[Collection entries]
=== Begin Enclosure ===
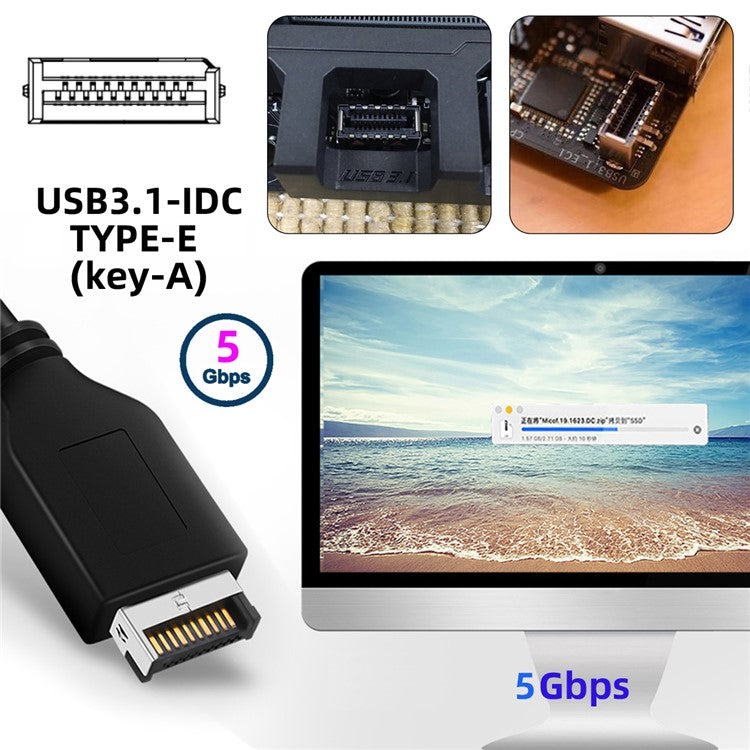 U3-084-EF Single 19 / 20Pin Header to USB 3.0 20Pin + Type-E Dual Ports Female PCBA Type Adapter Splitter HUB 5Gbps
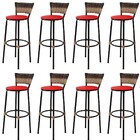 Kit 8 Banquetas Bistrô Aço Junco Sintetico Degrade Assento Ve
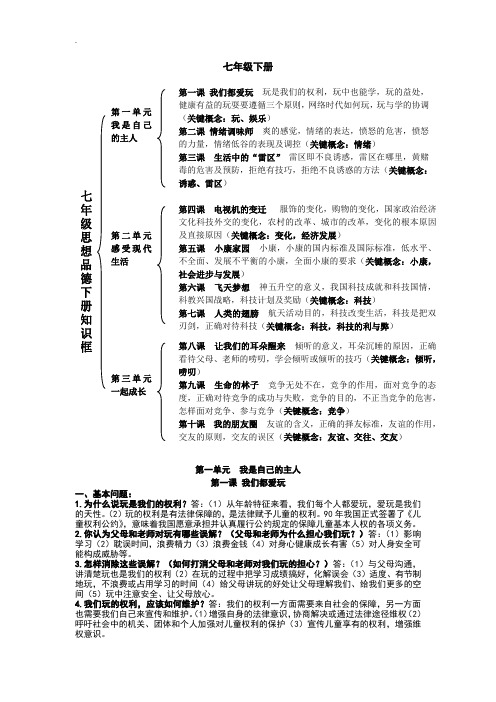 人民版七年级政治下册复习：第1课-我们都爱玩(含答案)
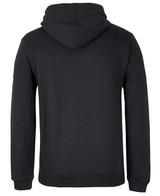 A black hoodie with a hood and long sleeves, featuring a branding logo. The back is smooth and simple in design.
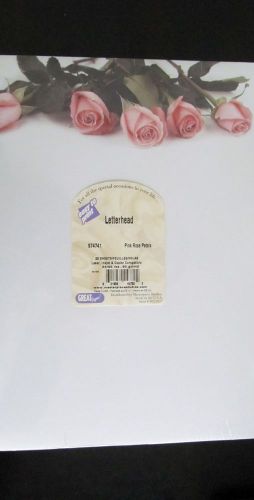 Long Stem Roses - Pink Rose Letterhead Paper NEW IN PACKAGE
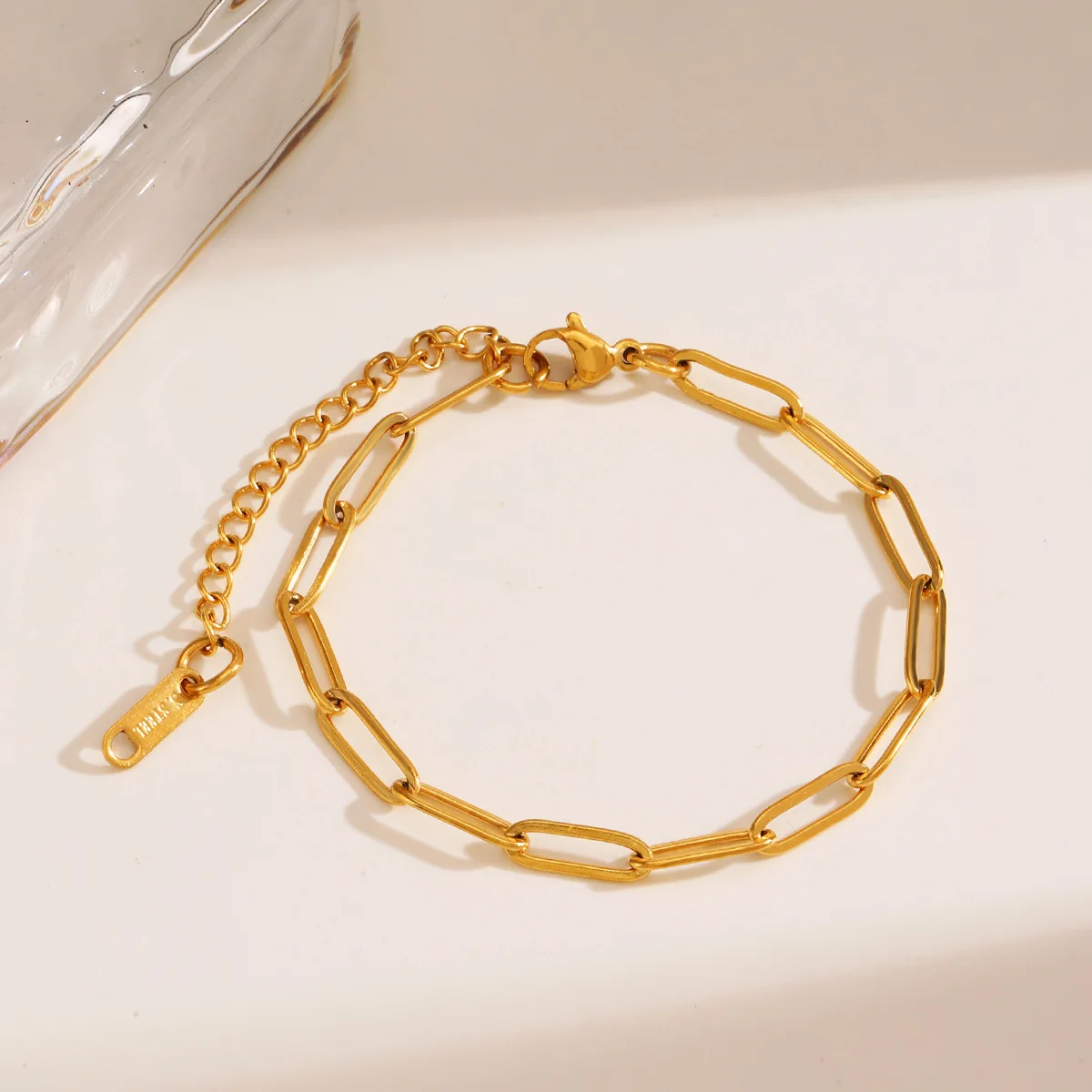 Collier en or minimaliste pour femme, bracelet trombone épais, bijoux imperméables, acier inoxydable, cadeau Hip Rock, document JONecklace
=== End Enclosure ===
ACTION ITEM —
Reproduce the entries exactly, from the line with "A black hoodie" to the line with "Long Stem Roses", both lines included, keeping no pictures.

ANSWER SECTION —
 A black hoodie with a hood and long sleeves, featuring a branding logo. The back is smooth and simple in design.
 Long Stem Roses - Pink Rose Letterhead Paper NEW IN PACKAGE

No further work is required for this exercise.